Having an honest conversation about what you need to feel open to sex, outside of the bedroom and outside of the moment, is one of the most effective things you can do. That might mean more nonsexual physical affection, more equitable division of labor, or simply feeling heard. For some couples, working with a sex therapist or couples therapist accelerates this process significantly, especially when communication patterns have been stuck for a long time.

When Low Desire Becomes a Clinical Concern

Not every dip in desire is a disorder. Fluctuations are normal across the menstrual cycle, during pregnancy and postpartum, during stressful life periods, and with aging.
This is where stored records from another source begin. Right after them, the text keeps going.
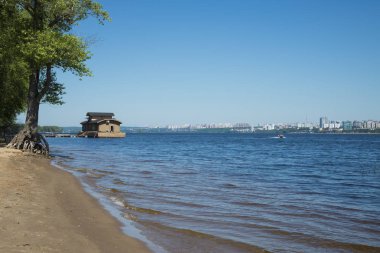 Samara, Rusya Volga Nehri'nin tam tersi bankadan kenti. Bir güneşli yaz gününde. 28 Haziran 2018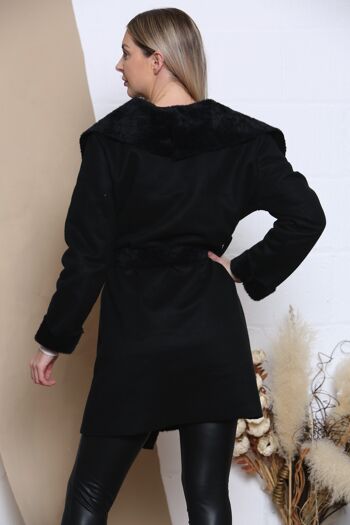 Manteau en cuir velours noir avec poches 3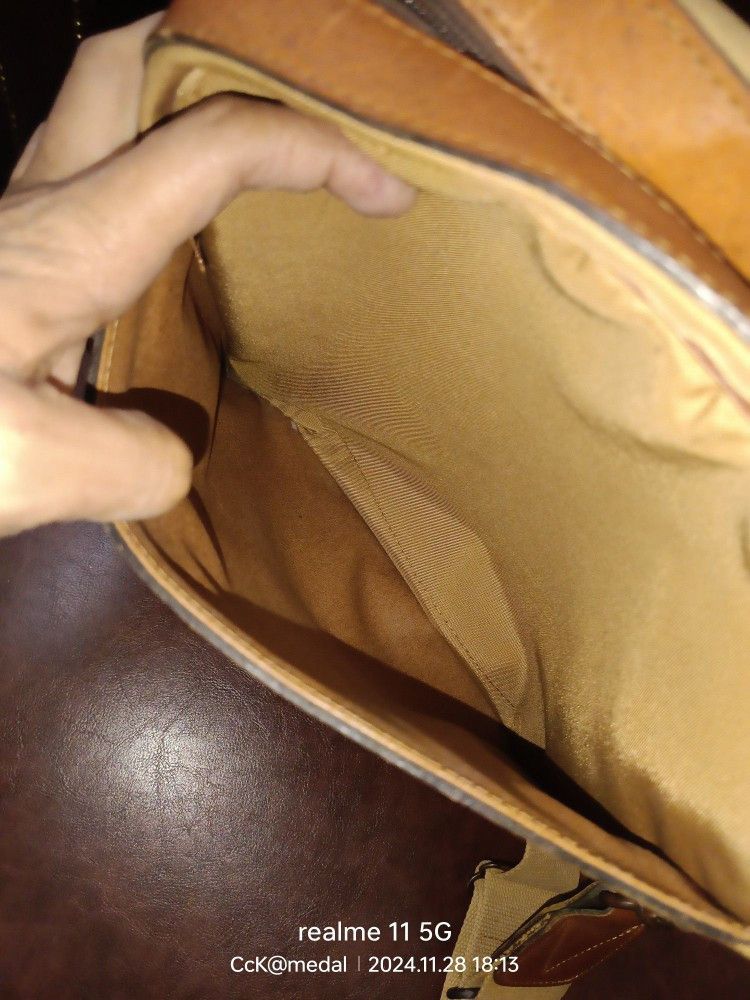 Lancel Authentic Lancel Shoulderbags *very clean inside Size ONE SIZE - 5 Thumbnail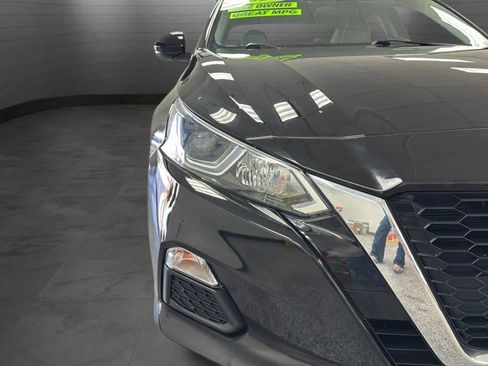 Used 2020 Nissan Altima 2.5 S FWD image 31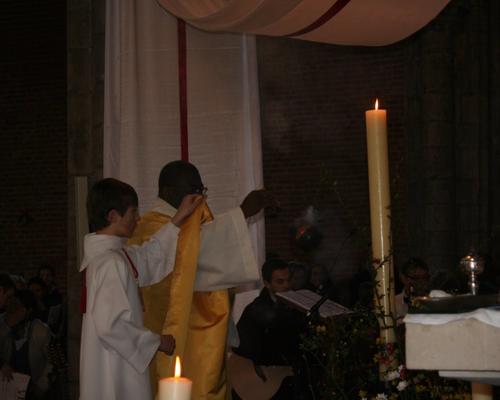 L'encensement du cierge pascal.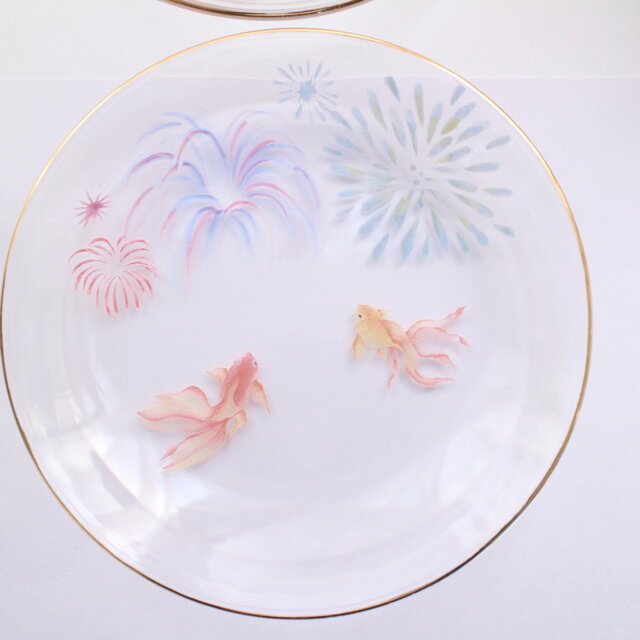水面に映る花火と金魚のガラスプレート | iichi 日々の暮らしを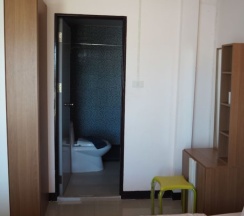 Номер Superior с балконом и с видом на город в Wilai Guesthouse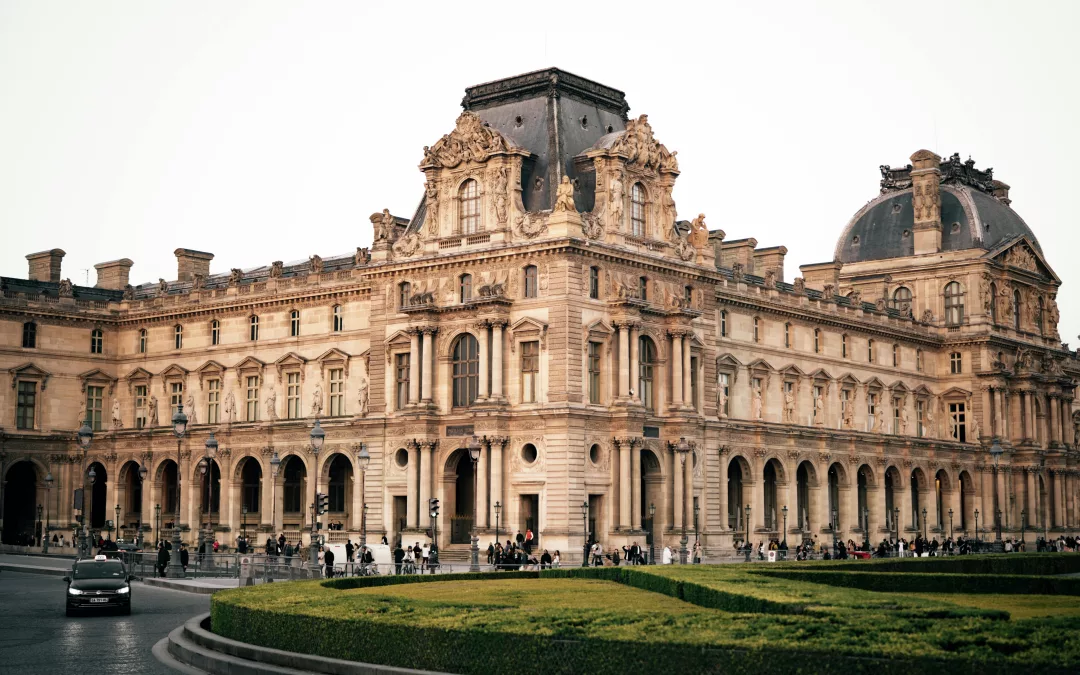 L’Opéra parisien, miroir doré et champ de bataille moderne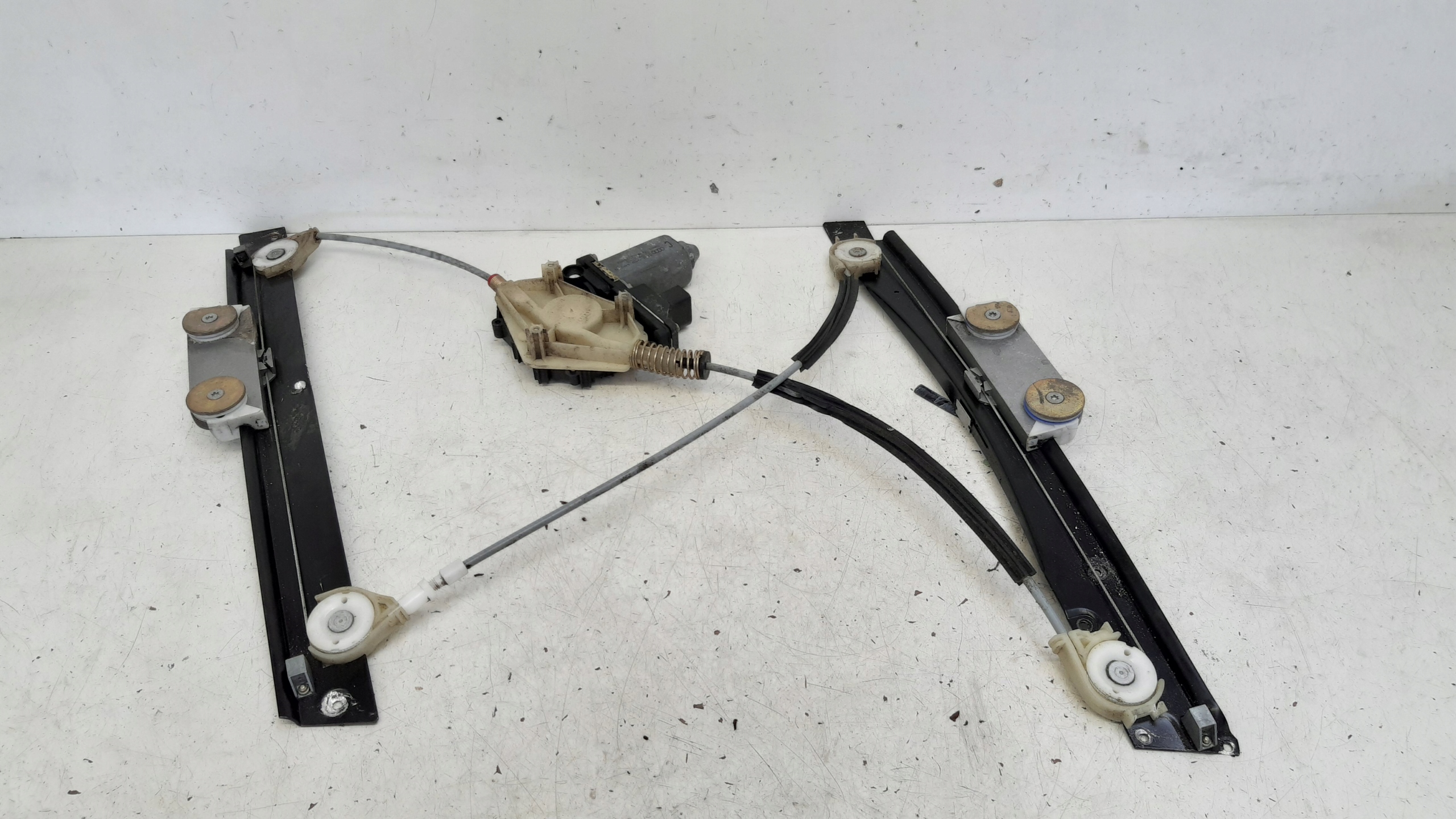 window regulator right rear part 8N8959862A Audi TT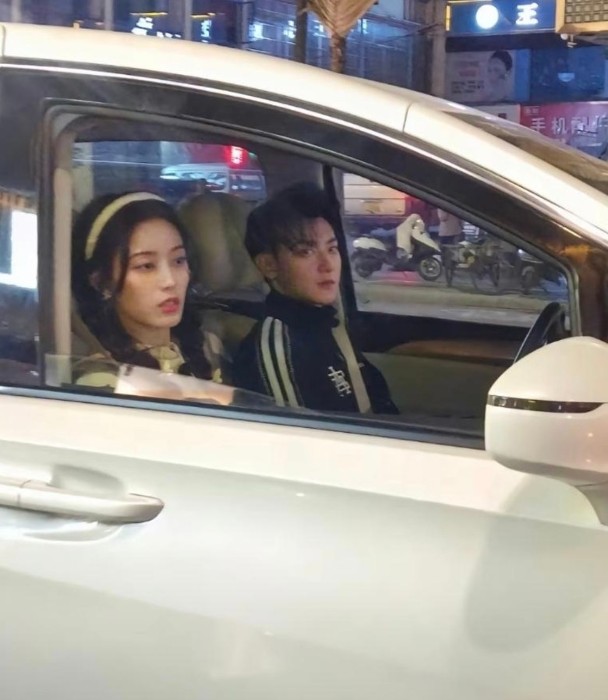 黄子韬与徐艺洋录影时同坐一辆车。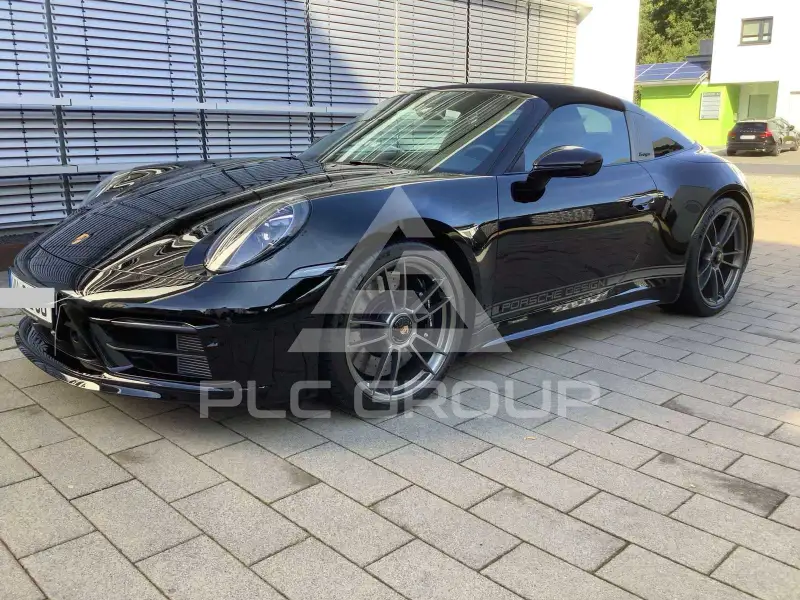 2025 Porsche 911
A clinical diagnosis (historically called Hypoactive Sexual Desire Disorder) requires that the low desire is persistent, not just occasional, and that it causes you significant personal distress. If you’re unbothered by a lower sex drive, there’s nothing to treat.

If it is causing distress, that’s worth taking seriously. Medications like antidepressants (especially SSRIs), hormonal birth control, blood pressure drugs, and antihistamines can all dampen desire as a side effect. A medication review with your prescriber is a practical first step, since switching to an alternative can sometimes resolve the issue entirely. Thyroid disorders, iron deficiency, and depression also directly affect libido and are worth screening for if your desire has changed without an obvious explanation.